- The Washington Times - Thursday, June 4, 2020

Attorney General William P. Barr on Thursday defended the federal response to the protest in Lafayette Park in D.C. this week, saying the demonstrators had become increasingly unruly.

Mr. Barr had come under fire from Democrats and the media after he had ordered law enforcement to extend the perimeter of Lafayette Square on Monday. Both peaceful and violent protests have taken place at the park, which sits directly across the street from the White House.

The order came just minutes before President Trump walked across the park to a historic church to address the nationwide unrest. Critics have alleged the protesters were moved so the president could stage a photo-op.

But Mr.
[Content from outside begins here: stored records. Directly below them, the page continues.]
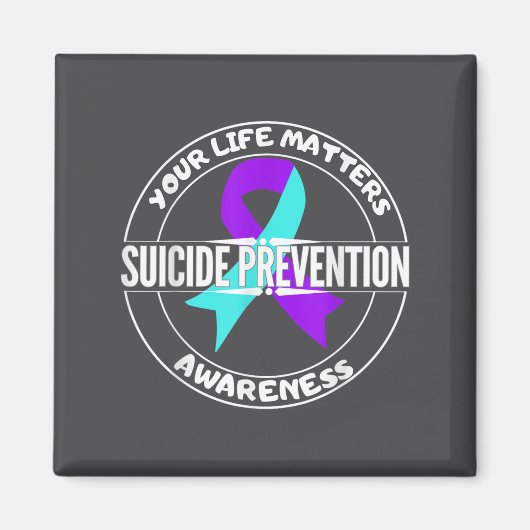 You Life S Suicide Prevention Awareness Teal Purpl Magneet (Voorkant)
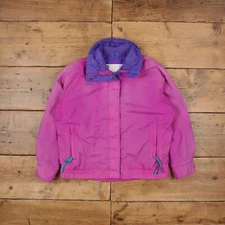 Vintage Columbia Outdoor Jacket M 90s Windbreaker Bugaboo Pink Womens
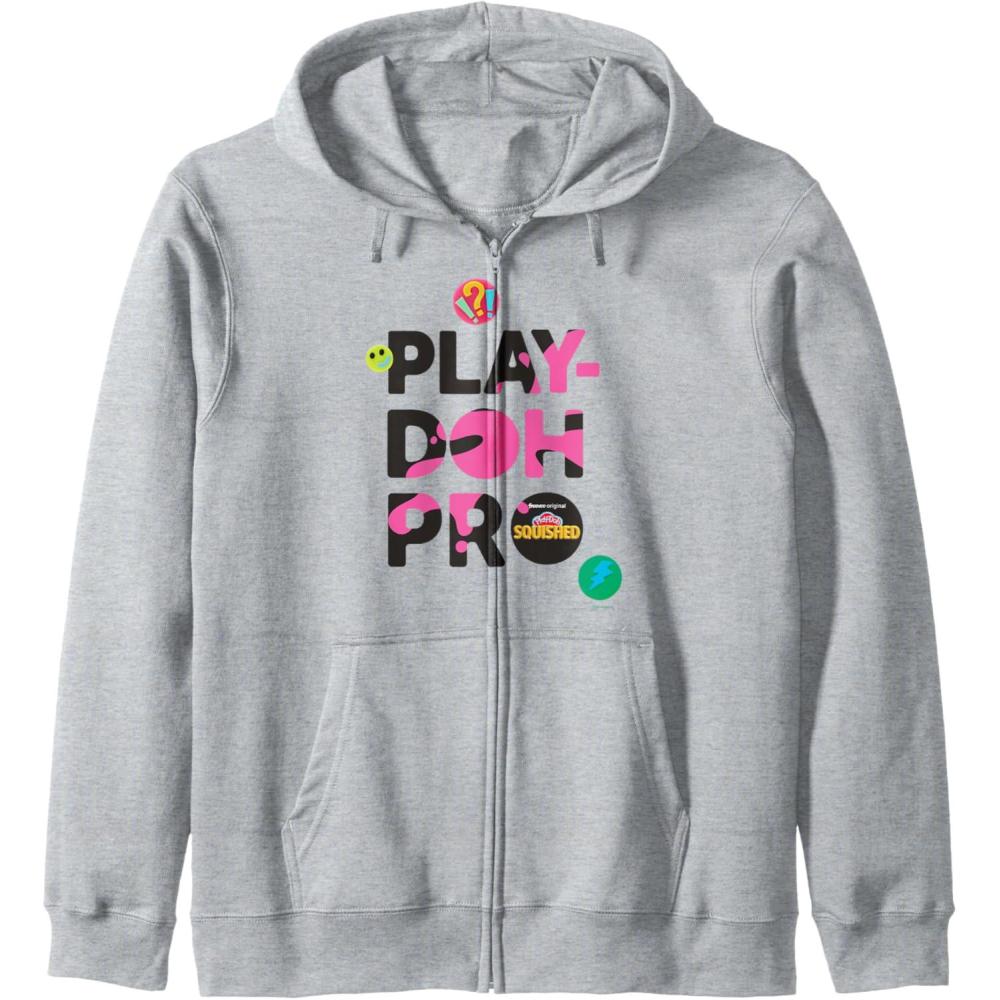 imagePlayDoh Squished Pro Center Bold Filled Logo Zip HoodieHeather Grey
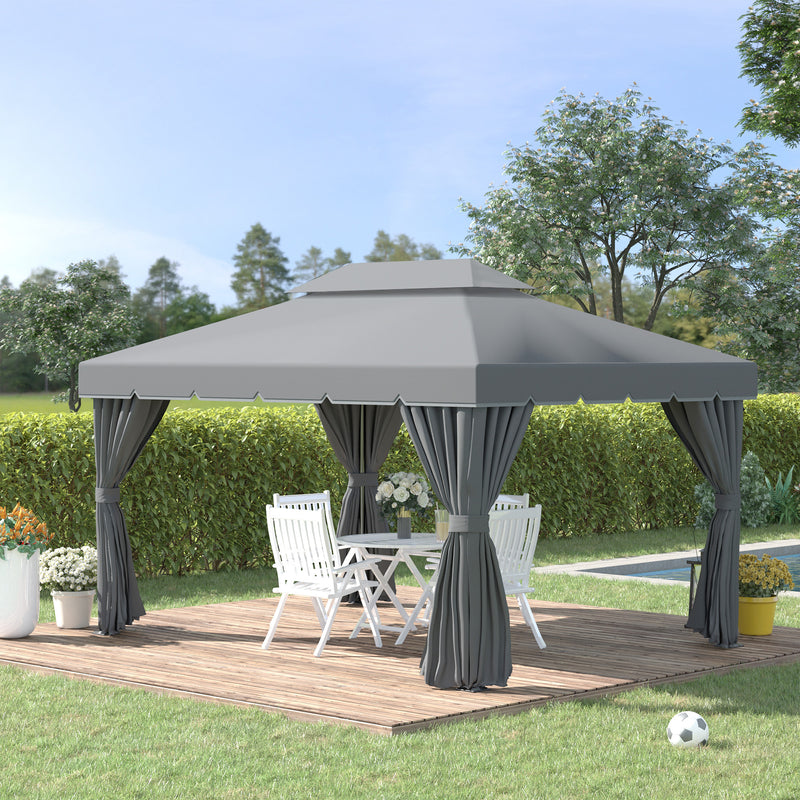 Dark Grey 3 x 4m Aluminium Garden Gazebo with Nets and Curtains by Outsunny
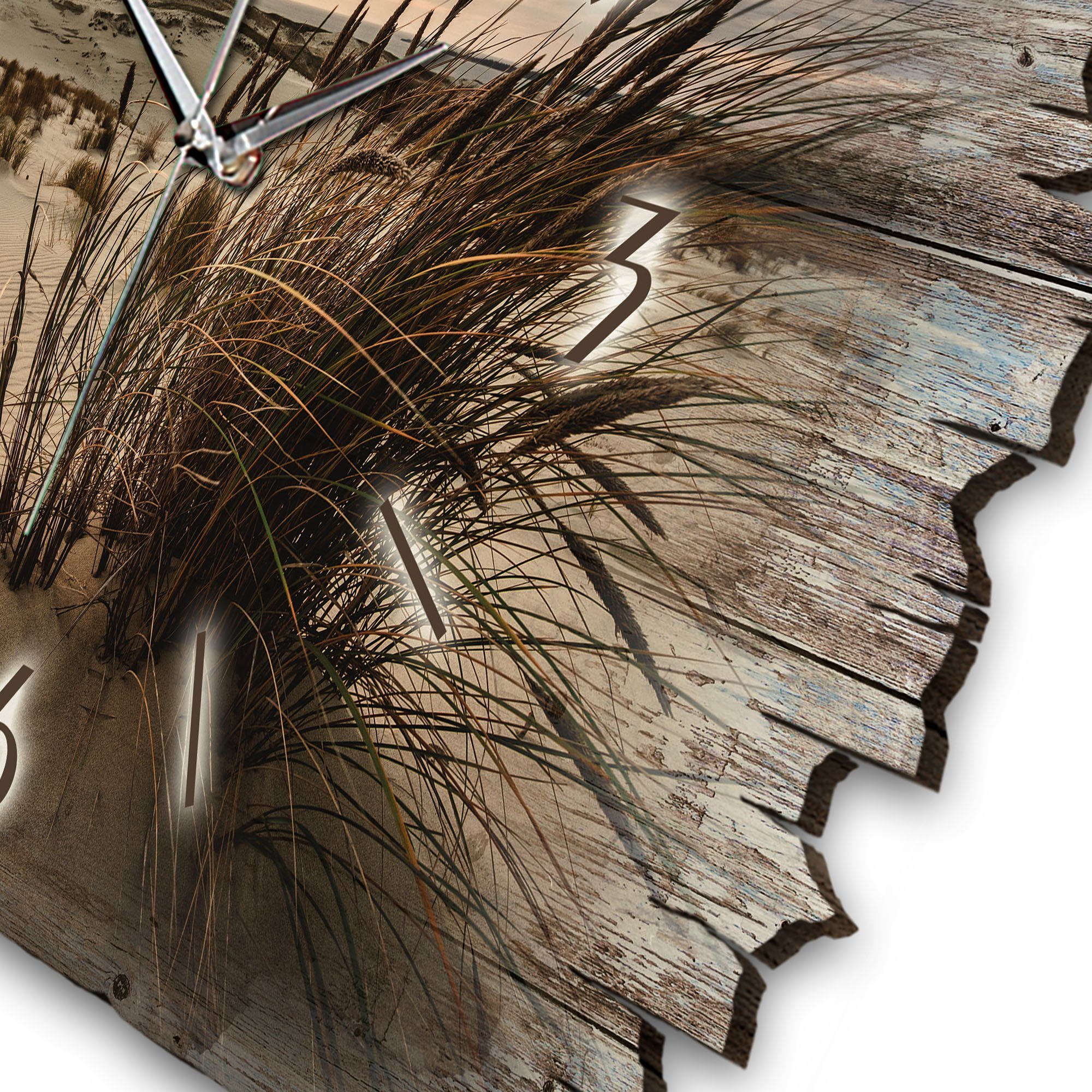 Kreative Feder Wanduhr Design-Wanduhr „Sandstrand“ aus Holz im Shabby Style Design (ohne Ticken; flüsterleises Uhrwerk; außergewöhnlich, modern)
Barr said some of the protesters had become increasingly violent and government buildings had been set afire and vandalized the night before.
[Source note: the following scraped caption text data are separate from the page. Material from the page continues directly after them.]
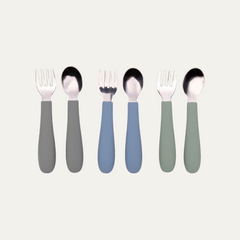 Toddler Utensils, 3 Forks & 3 Spoons, 18/8 Stainless Steel & Food Grade Silicone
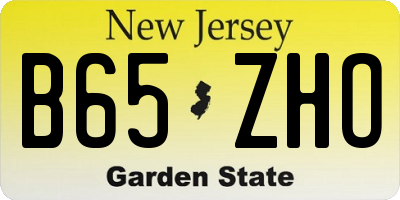 NJ license plate B65ZHO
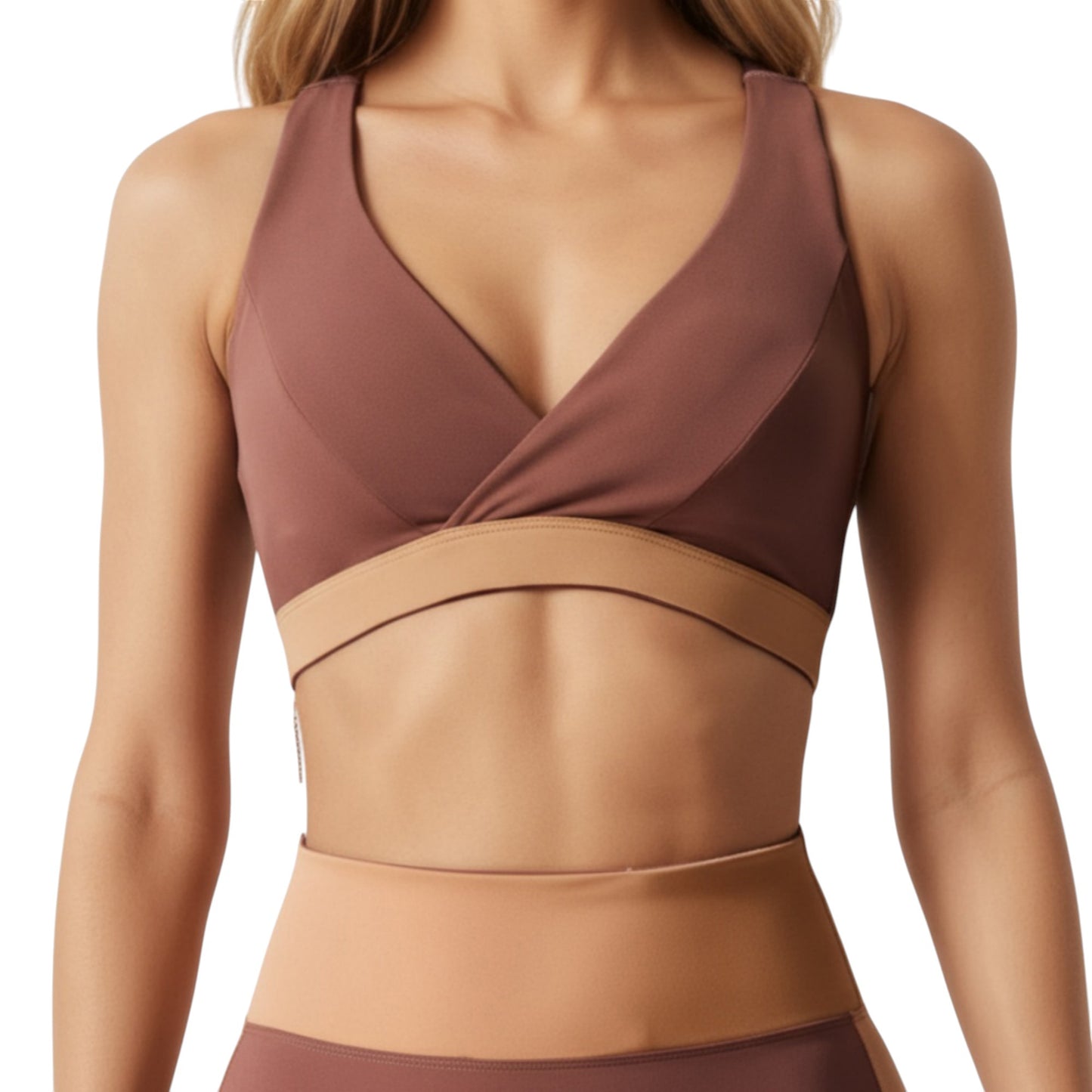 Anna-Kaci Active Women's V-Neck Cross Front Colorblock Sports Bra with Wide Straps and Supportive Elastic Band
Rioters used crowbars to dig out pavements and throw it at federal officers, resulting in 114 injuries to federal law enforcement officers and 22 had to be hospitalized with serious head injuries or concussions, Mr. Barr said.

“I made the decision that we would try to move our perimeter northward by a block to provide additional protections,” he said.

Mr. Barr also told reporters that protesters were asked three times to move back before the authorities began to push them back. He said the rioting was interfering with the government’s functions.

The attorney general also defended Mr. Trump’s decision to walk across the park to St. John’s Church.

“The president should be able to walk outside the White House and walk across the street,” he said. “I don’t view it as a political act, I think it is entirely appropriate for him to do that.”

“There was no correlation between our tactical plan to move the perimeter out by one block and the president going over to to the church,” Mr. Barr continued.